(Saved data entries)
········

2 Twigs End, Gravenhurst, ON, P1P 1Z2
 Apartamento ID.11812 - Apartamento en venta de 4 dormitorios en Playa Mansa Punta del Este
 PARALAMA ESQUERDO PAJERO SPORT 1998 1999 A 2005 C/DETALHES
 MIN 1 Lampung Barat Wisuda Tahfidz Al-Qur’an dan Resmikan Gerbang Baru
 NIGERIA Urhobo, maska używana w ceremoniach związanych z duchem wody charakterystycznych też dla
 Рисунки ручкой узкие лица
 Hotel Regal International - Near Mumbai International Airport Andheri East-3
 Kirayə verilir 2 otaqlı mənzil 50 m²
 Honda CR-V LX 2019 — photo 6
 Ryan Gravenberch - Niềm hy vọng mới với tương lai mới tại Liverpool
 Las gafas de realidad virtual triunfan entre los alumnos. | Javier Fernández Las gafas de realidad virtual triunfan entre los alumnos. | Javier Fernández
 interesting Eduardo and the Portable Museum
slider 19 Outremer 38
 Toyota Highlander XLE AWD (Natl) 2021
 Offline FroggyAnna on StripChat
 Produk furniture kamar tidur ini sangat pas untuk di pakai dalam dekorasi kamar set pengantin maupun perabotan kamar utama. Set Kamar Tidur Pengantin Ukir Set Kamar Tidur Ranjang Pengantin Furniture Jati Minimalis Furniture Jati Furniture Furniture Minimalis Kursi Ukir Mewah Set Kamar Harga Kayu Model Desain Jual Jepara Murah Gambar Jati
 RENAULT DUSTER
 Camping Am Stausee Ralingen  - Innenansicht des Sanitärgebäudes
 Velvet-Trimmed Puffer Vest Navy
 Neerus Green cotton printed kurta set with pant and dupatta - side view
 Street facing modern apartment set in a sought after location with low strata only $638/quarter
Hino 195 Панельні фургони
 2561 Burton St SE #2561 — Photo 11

········

Work item
Copy out only the lines of the records above from the one with "Offline FroggyAnna on StripChat" through the one with "Velvet-Trimmed Puffer Vest Navy", exactly as they stand, both included.

Task response
 Offline FroggyAnna on StripChat
 Produk furniture kamar tidur ini sangat pas untuk di pakai dalam dekorasi kamar set pengantin maupun perabotan kamar utama. Set Kamar Tidur Pengantin Ukir Set Kamar Tidur Ranjang Pengantin Furniture Jati Minimalis Furniture Jati Furniture Furniture Minimalis Kursi Ukir Mewah Set Kamar Harga Kayu Model Desain Jual Jepara Murah Gambar Jati
 RENAULT DUSTER
 Camping Am Stausee Ralingen  - Innenansicht des Sanitärgebäudes
 Velvet-Trimmed Puffer Vest Navy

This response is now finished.